4. Music Synchronization
This task is about alinging different representations of the same piece of music, for example, aligning sheet music to waveform.
4.1 Audio-Audio
Given two different audio recordings of the same underlying piece of music, find for each position in one audio recording the musically corresponding position in the other audio recording.
Application: Interpretation Switcher
Procedure:
- Extract audio features: Especially chroma features, which is robust to variations in instrumentation, timbre, dynamics, and correlate to harmonic progression
- Alignment: Need to deals with local and global tempo variations
The evaluation of alignment is done by finding a route in the cost matrix.

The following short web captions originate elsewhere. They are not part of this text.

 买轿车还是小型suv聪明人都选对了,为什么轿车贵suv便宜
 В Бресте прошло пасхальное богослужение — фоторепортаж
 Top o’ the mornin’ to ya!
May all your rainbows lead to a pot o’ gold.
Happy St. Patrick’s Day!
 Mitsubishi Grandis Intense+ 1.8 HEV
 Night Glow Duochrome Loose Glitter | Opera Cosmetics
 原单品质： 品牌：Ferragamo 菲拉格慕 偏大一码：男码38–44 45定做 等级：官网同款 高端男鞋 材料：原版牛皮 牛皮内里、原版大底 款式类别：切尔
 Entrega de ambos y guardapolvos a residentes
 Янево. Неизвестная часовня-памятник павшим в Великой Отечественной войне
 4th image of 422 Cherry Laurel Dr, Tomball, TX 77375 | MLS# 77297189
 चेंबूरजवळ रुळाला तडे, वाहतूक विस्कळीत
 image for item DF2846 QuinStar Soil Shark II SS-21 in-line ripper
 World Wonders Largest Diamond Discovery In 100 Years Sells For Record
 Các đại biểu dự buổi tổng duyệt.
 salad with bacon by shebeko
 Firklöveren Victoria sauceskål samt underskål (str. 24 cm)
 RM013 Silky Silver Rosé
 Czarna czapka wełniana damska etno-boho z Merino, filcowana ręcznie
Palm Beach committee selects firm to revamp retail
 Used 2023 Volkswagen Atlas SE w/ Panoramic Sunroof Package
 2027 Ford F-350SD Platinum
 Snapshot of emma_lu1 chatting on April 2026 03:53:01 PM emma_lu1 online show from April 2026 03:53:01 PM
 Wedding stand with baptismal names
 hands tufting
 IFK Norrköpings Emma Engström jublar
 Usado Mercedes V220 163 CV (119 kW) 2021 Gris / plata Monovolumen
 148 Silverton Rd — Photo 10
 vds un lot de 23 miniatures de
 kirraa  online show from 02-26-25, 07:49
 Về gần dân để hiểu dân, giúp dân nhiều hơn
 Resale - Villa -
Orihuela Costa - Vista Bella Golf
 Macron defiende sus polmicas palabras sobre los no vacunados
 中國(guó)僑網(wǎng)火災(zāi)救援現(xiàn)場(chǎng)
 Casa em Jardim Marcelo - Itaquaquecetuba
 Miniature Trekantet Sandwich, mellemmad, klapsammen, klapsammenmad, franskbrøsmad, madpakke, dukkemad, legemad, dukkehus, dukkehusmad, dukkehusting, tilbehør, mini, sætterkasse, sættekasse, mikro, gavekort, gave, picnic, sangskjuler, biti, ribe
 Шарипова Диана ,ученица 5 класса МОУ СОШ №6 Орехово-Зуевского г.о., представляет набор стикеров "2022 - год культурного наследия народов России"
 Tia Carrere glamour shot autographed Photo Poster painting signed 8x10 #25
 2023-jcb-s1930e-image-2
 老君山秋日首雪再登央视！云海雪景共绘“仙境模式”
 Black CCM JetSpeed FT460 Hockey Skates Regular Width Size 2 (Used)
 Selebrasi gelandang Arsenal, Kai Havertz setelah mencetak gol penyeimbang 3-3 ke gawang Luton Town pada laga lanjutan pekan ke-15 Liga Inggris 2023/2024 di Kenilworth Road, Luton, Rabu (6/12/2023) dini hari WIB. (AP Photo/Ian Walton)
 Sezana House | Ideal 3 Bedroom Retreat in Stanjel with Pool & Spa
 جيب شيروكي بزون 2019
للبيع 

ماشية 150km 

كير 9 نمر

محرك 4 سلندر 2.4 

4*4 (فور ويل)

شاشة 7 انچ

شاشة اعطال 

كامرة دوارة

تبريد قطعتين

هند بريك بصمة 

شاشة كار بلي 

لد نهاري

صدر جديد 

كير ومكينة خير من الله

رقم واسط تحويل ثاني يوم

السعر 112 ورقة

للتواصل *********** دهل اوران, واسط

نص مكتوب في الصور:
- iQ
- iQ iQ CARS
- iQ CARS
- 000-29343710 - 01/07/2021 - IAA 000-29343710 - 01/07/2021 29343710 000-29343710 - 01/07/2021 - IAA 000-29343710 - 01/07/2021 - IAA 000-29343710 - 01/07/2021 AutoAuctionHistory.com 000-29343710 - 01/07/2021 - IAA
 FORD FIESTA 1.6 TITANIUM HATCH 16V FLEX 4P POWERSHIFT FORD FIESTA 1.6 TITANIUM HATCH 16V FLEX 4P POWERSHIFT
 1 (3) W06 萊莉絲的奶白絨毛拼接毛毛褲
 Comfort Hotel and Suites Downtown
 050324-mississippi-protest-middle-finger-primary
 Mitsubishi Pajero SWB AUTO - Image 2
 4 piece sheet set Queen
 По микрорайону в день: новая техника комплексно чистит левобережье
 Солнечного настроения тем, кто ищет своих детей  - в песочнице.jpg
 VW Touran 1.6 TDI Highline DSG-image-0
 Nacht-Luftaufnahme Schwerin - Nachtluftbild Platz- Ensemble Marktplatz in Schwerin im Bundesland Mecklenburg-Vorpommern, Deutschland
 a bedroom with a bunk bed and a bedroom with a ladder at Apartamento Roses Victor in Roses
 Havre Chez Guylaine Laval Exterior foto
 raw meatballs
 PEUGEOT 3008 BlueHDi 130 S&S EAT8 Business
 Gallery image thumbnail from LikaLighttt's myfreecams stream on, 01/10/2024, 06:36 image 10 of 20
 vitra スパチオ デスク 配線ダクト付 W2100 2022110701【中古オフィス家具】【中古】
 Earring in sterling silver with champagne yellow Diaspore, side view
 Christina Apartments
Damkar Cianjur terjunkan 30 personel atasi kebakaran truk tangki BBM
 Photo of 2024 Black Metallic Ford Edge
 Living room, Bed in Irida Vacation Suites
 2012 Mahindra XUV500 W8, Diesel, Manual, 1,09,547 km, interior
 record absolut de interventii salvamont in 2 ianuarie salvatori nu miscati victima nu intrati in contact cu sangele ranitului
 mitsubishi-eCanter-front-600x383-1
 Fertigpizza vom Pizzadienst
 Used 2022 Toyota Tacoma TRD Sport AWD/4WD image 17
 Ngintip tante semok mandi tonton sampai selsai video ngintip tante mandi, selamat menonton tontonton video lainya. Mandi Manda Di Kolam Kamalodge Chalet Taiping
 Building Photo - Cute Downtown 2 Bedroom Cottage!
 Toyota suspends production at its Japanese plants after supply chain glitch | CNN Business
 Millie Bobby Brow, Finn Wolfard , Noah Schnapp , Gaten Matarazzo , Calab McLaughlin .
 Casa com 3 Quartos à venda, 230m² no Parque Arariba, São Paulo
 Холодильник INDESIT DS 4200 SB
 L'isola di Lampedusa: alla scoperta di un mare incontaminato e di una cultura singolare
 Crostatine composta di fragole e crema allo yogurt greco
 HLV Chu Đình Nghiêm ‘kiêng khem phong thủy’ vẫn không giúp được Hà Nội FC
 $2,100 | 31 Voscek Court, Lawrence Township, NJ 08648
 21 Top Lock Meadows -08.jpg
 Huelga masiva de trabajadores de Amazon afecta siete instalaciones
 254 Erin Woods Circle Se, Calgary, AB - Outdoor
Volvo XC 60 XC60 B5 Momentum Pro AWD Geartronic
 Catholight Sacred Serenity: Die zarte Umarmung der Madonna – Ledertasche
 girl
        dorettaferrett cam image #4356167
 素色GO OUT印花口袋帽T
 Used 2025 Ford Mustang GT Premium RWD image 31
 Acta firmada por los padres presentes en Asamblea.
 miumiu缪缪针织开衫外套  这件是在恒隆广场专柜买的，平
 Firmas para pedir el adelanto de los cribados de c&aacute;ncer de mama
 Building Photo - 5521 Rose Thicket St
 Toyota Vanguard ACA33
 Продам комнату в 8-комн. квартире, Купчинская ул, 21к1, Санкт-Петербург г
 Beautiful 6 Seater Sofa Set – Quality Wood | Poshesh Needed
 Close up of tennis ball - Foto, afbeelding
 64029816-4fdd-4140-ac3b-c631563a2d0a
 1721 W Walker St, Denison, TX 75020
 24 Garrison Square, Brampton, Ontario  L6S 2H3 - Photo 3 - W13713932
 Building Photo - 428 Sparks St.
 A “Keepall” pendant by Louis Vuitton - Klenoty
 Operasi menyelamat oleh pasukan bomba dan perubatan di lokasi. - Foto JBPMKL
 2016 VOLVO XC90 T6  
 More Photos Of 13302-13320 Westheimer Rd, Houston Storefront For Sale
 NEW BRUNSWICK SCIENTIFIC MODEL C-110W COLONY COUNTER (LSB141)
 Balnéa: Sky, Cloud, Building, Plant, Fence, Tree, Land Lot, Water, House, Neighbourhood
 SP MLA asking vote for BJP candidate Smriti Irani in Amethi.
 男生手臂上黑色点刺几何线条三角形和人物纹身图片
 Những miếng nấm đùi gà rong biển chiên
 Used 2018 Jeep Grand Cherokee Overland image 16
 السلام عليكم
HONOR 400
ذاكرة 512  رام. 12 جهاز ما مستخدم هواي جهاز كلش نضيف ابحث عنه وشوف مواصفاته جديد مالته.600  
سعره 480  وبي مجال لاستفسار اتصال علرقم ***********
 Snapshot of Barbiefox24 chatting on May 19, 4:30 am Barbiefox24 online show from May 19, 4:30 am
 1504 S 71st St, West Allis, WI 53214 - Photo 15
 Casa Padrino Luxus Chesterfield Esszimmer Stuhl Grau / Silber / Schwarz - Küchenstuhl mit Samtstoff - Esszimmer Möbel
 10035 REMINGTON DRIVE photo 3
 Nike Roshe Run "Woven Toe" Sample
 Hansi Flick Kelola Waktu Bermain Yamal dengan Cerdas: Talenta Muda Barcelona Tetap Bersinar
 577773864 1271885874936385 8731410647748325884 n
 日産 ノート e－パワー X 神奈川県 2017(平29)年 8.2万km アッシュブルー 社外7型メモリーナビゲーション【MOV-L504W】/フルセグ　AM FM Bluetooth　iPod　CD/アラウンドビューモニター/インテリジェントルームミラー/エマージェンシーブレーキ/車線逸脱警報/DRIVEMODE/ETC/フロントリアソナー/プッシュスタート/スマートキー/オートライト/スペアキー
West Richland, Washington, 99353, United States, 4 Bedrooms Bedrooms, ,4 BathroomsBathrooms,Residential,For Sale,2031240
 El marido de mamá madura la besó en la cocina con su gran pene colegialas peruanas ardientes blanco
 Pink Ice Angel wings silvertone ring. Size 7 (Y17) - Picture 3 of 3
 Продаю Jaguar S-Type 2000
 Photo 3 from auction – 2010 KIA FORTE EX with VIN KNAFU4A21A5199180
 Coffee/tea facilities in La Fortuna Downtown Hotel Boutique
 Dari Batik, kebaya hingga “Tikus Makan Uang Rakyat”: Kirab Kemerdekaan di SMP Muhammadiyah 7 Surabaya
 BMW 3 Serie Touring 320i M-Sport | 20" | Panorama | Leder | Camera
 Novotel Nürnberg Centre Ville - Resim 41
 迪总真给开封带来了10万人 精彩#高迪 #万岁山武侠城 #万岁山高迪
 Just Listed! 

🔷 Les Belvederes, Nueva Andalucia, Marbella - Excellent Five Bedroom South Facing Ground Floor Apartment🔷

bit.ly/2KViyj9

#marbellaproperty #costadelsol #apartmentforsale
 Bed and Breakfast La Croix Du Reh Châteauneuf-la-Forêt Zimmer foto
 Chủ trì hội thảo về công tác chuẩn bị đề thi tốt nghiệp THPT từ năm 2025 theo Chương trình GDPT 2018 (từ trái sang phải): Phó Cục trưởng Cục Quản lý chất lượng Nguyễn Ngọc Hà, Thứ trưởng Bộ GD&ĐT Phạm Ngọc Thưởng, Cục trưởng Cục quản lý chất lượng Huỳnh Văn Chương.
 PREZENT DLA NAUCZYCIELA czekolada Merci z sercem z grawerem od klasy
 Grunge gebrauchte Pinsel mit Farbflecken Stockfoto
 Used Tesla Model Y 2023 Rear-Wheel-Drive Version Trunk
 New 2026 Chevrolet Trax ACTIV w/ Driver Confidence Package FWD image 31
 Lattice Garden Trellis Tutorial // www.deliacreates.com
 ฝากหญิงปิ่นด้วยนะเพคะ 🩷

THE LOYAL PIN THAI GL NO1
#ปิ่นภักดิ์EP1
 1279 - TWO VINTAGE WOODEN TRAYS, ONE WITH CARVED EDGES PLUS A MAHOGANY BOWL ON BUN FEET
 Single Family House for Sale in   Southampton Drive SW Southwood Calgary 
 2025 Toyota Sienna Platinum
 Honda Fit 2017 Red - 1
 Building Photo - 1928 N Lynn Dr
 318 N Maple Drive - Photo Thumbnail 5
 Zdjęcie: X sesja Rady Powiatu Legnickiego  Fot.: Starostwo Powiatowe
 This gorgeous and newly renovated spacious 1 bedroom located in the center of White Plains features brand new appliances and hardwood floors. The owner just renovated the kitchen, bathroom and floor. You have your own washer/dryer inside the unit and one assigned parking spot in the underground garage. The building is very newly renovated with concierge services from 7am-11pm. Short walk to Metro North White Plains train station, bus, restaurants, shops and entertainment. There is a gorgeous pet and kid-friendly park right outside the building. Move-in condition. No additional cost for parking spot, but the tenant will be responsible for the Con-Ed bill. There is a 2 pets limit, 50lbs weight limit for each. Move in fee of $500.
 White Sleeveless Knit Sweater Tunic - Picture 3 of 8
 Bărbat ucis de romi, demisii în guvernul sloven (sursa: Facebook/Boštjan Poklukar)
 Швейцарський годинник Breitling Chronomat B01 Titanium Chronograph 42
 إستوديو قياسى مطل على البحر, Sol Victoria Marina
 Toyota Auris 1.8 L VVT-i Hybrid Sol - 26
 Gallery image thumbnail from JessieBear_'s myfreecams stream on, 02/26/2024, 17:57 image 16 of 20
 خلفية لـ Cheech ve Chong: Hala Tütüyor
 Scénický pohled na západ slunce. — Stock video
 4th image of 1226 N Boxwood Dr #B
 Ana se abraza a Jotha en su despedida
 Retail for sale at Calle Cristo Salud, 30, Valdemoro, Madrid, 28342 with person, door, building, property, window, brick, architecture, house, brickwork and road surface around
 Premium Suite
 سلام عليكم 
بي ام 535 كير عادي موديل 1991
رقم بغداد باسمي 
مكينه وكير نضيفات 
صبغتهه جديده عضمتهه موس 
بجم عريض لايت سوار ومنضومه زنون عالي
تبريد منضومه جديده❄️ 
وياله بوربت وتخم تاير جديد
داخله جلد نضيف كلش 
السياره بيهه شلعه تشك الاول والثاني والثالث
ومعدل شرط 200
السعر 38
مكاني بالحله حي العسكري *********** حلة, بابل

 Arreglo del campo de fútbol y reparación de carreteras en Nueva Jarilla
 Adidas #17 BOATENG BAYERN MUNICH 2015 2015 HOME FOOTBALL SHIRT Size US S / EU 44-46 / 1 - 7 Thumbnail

In the cost matrix above, two versions of Beethoven's Fifth are represented in chroma, and multiplied with each other bin by bin. If the multiply of 2 bins is large, indicating that the 2 bins contain similar audio information, the corresponding grid in the cost matrix will be dark. To align the two versions of Beethoven's Fifth is to find a route from bottom-left to up-right that crosses dark grids as much as possible.
The optimal route can be find using Dynamic Time Warping (DTW).
4.2 Dynamic Time Warping
DTW is a well-known technique to find an optimal alignment between two given (time-dependent) sequences under certain restrictions. Originally used to compare different speech patterns in ASR.
It is just dynamic programming with a fancy name. Not gonna take this note.
4.3 MIDI-Audio
MIDI can be converted to piano roll, and then to chroma. Then use the method in 4.1.
Applications:
- Automated audio annotation
- Accurate audio access after MIDI-based retrieval
- Automated tracking of MIDI note parameters during audio playback
- Performance analysis
Performance analysis includes plotting the Tempo Curve. The average tempos at several stages are calculated from the alignment at several time points, and the tempo curve is optained by interpolation.
Lyrics-Audio alignment is hard to implement directly, so it is divided into two parts: Lyrics-MIDI + MIDI-Audio.
4.4 Image-Audio
Application: Score Viewer
It is hard to directly align them, so convert data into common mid-level feature representation. Use Optical Music Recognition to read sheet music and convert to piano roll, then to chroma, and then use 4.1 method again.